Screenshot from Eater LA

Finally, we also caught up with Steve Vernetti, Vernetti’s Italian restaurant on Larchmont, whose phone blew up this morning with calls from panicked vendors and staff who read the Eater LA headline “Governor Newsom to Order Immediate Closure of LA Restaurant Dining Rooms Over Next Three Weeks.”  While technically correct, Vernetti said, the headline gave the incorrect impression that restaurants were ordered to fully close.

“This is all landing in my lap in real time and I’m trying to process this,” Vernetti texted the Buzz.  “We will be adding more tables outside to handle the increase in outside demand. But fortunately, it won’t affect us like it will most everyone else.”

Vernetti said he was recently approved to take over two parking spots out front of the restaurant, as part of the City’s Al Fresco Dining program, and he is trying to sort out how to use the additional spaces for guests to check in for their reservations, as well as a place to safely pickup takeaway orders.

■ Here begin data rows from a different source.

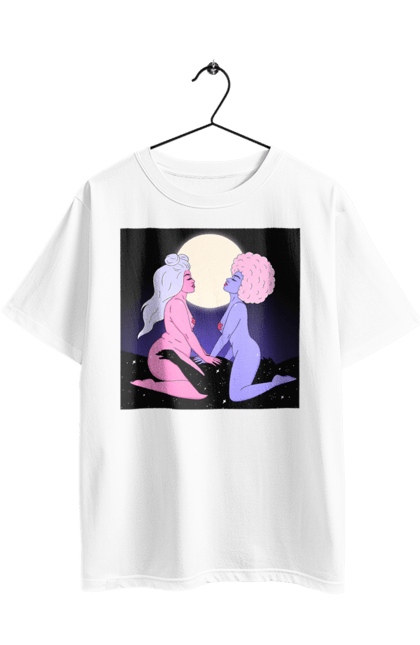 Oversized t-shirt with prints Two Aliens And The Moon. Aliens, from above, girls. 2070702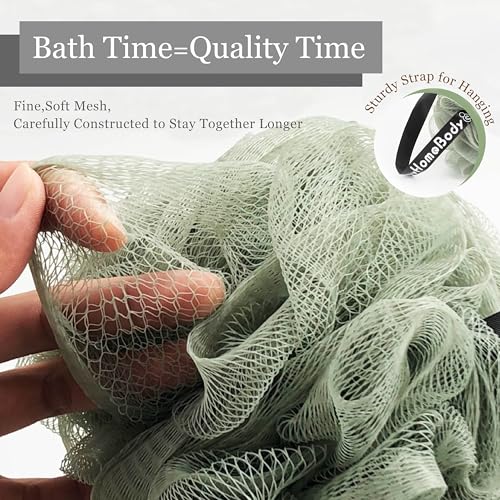 myHomeBody Large 70g Loofah Sponge, Bath Body Scrubber for Women, Men, Exfoliating Shower Pouf with Activated Charcoal - 2 Graphite Gray + 1 Sage Green, 3 Pack - Image 4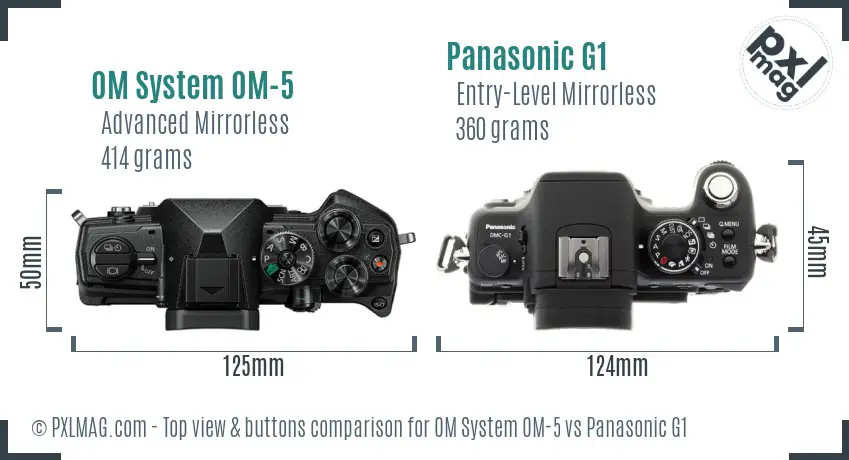 OM System OM-5 vs Panasonic G1 top view buttons comparison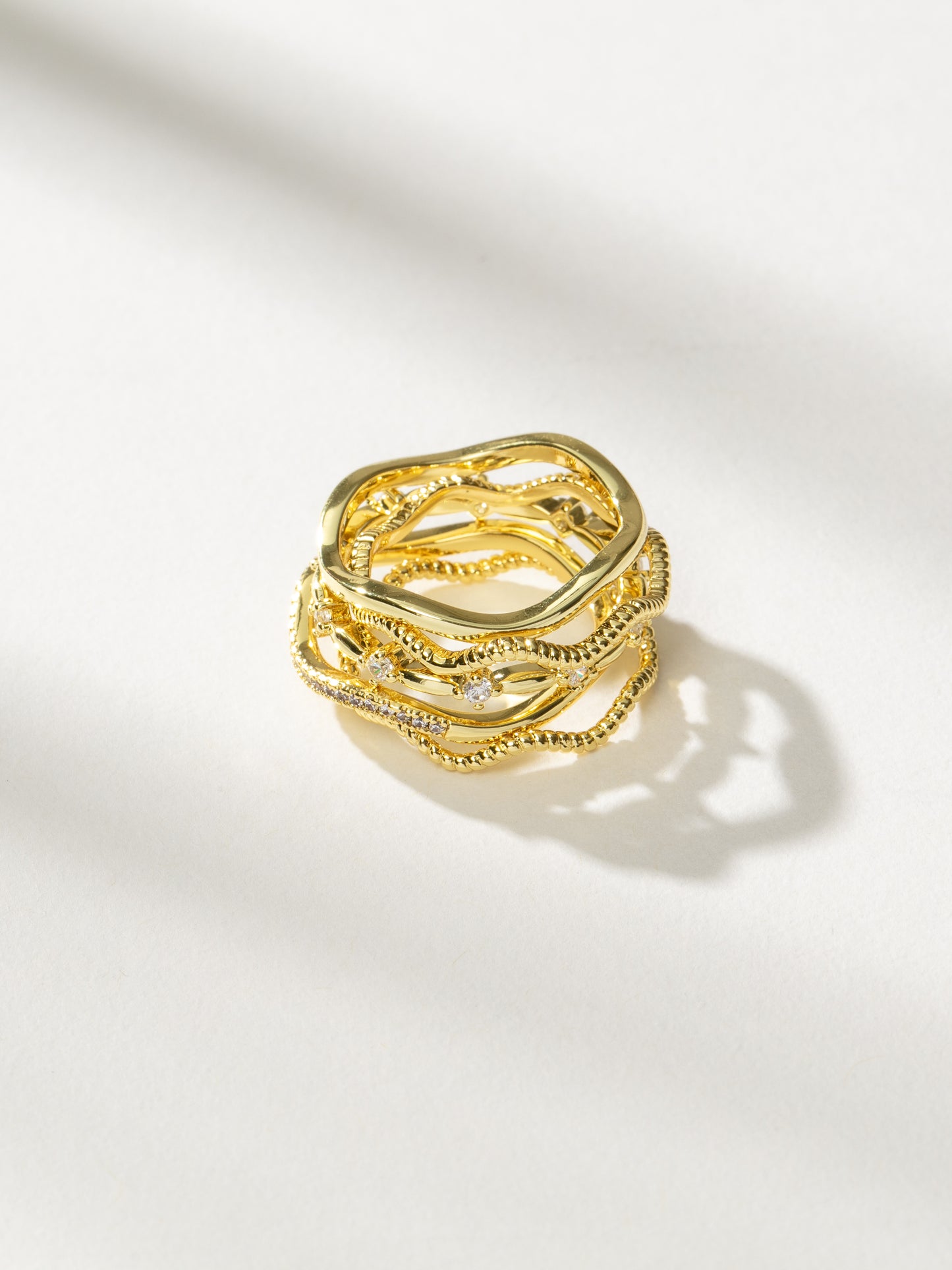 Vintage 5 Layered Ring Set | Gold | Product Image | Uncommon James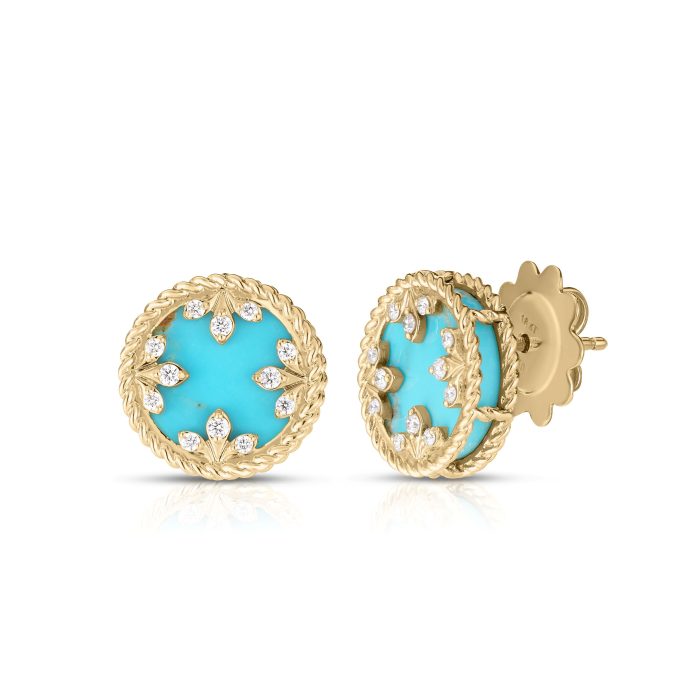 Roberto Coin Venetian Princess 18K Yellow Gold Diamond and Turquoise Earring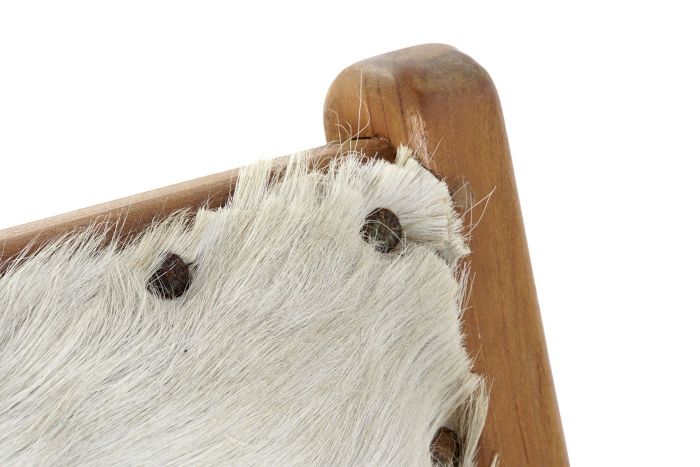 Butaca Madera Teka Piel Vaca Marrón, 65 Cm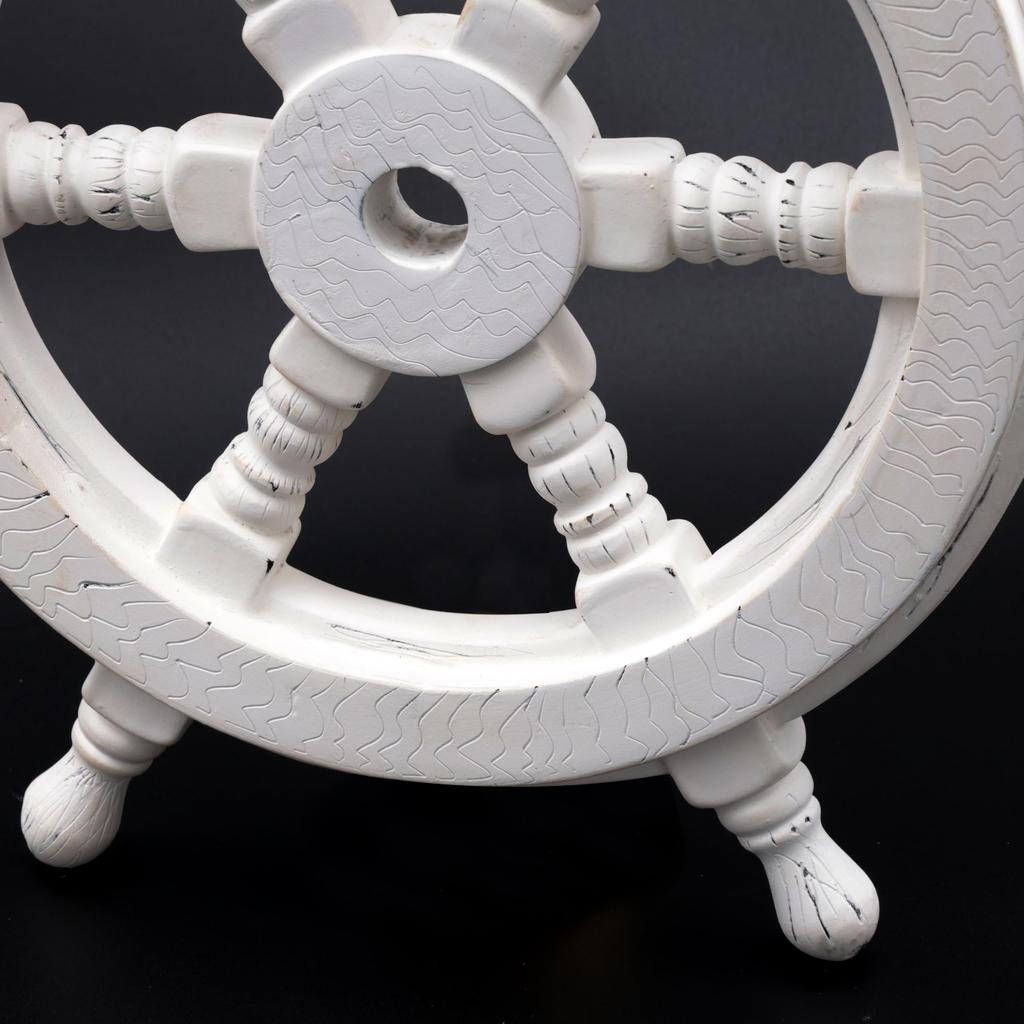 Nagina International Classic Wooden Whitewash Ship Steering Wheel (36 Inches) NC-EN4P-M299
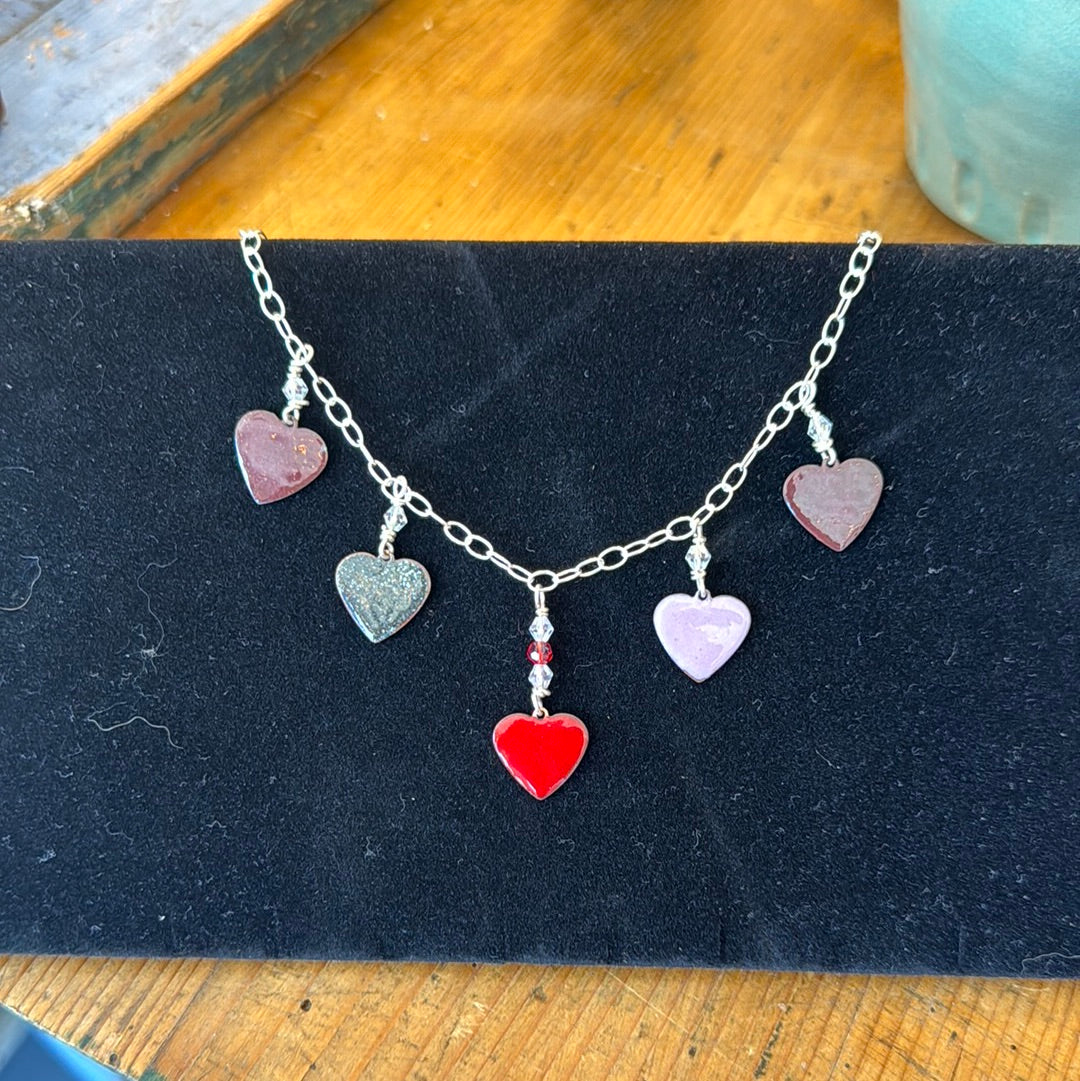 Handmade Sterling Silver Necklace w Enamel Hearts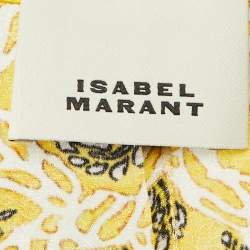 Pre Owned قميص إيزابيل مارانت حرير مطبوع أصفر مجعد مقاس صغير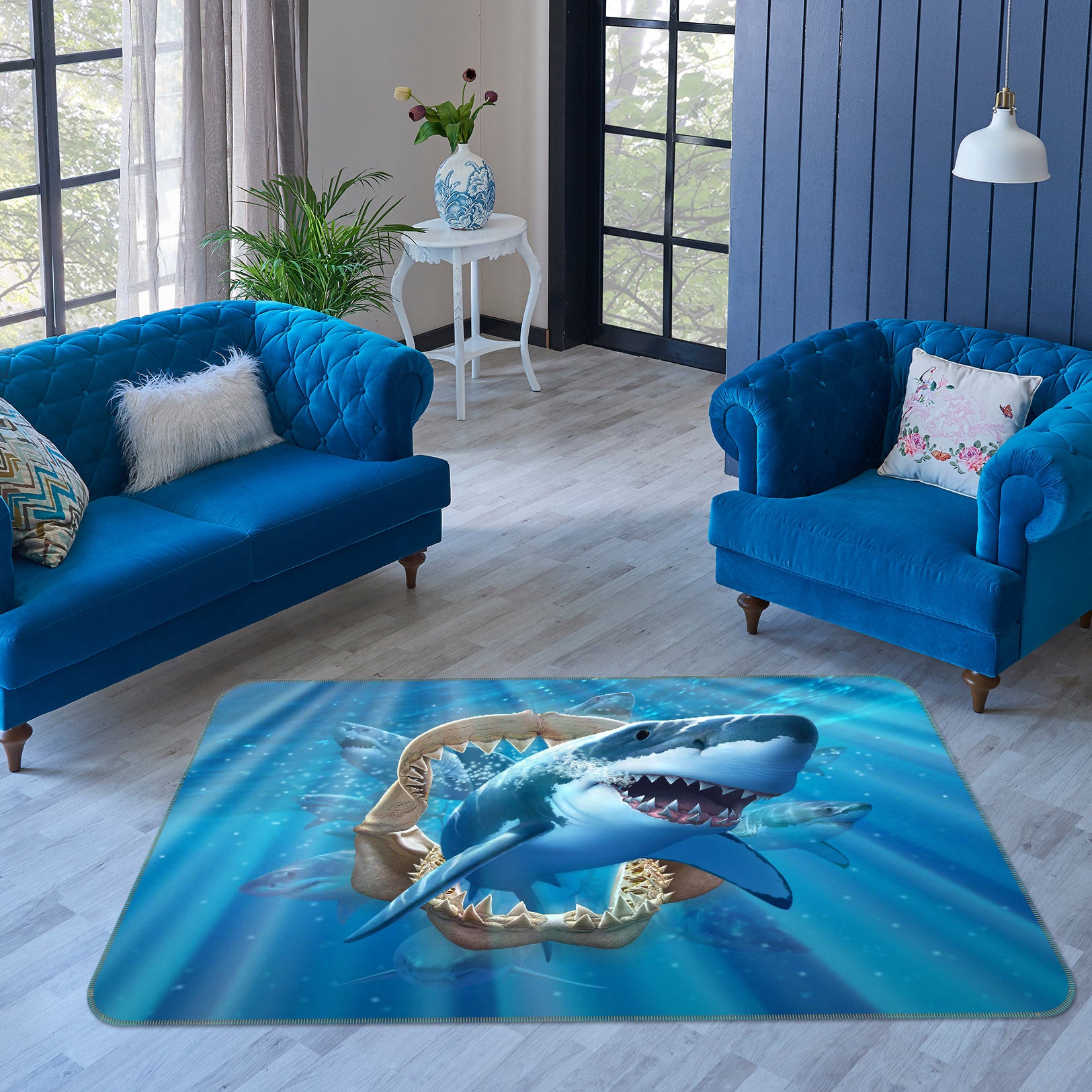 3D Great White Shark 1059 Jerry LoFaro Rug Non Slip Rug Mat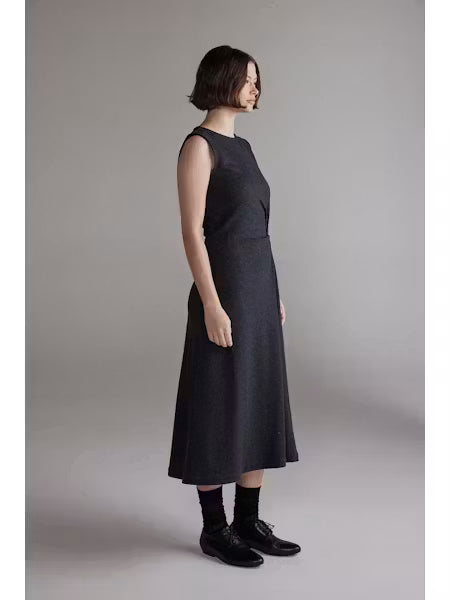 Twist Waist Wool Dress - Charcoal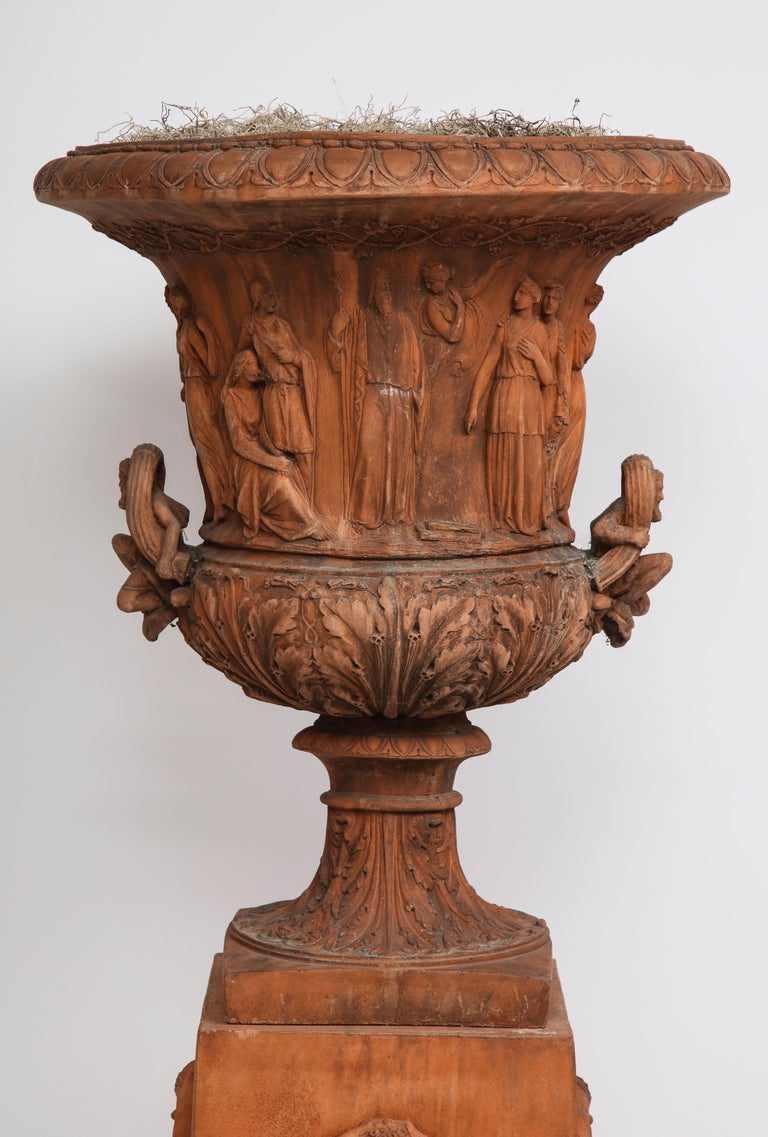 Large Terra Cotta Urn on Pedestal at 1stDibs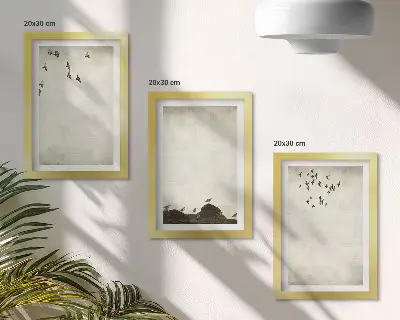 Photo frame wall Flying flock of birds minimalist style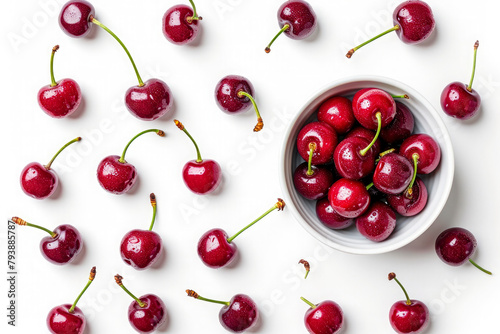 Set of ripe red cherries in a bowl cut out on white background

“We welcome the chance to show Governor Newsom that small independent restaurants like ours are not responsible for spreading COVID-19 and hopefully he will have a less ham-fisted way of implementing protections that actually protect without destroying small business in the process,” an exasperated Vernetti told us.

Outdoor dining at Vernetti (photo from Instagram). Vernetti has been approved by the city to use two parking spaces in the front of the restaurant as part the City’s Al Fresco Dining program.

As for why the 19 specific counties were chosen for the new restaurant restrictions, the LA Times noted that they were flagged under new “watch list” standards:

“Under new standards to reverse reopening at the local level, a county is flagged and placed on the state’s watch list if it reports an elevated transmission of the disease, defined as two-week average of more than 100 cases per 100,000 residents, or more than 25 cases per 100,000 residents and a weekly average positivity rate of at least 8%. A hospitalization rate increase of an average of more than 10% over three days, or a drop in hospital capacity to fewer than 20% of beds or fewer than 25% of ventilators available could also result in a county landing on the watch list.”

And as the Buzz reported yesterday, the cumulative COVID-19 case count for LA County has now topped 100,000, with record-setting totals of more than 2,900 new cases each day for the last several days in a row.

Most public health officials now agree that outdoor gatherings, with adequate social distancing, are not as dangerous as people gathering in enclosed spaces without adequate air circulation.  One of the best tips we’ve heard so far to help keep the virus from spreading was coined recently by LA’s favorite seismologist and respected source for many things science, Dr. Lucy Jones…who said, very simply, in a recent LA Times interview:  “Don’t Share Your Air!”  Sticking to takeout and outdoor dining for now should help us maintain that worthy pursuit.

[This story was updated after its initial publication to add the comments from Vernetti owner Steve Vernetti.]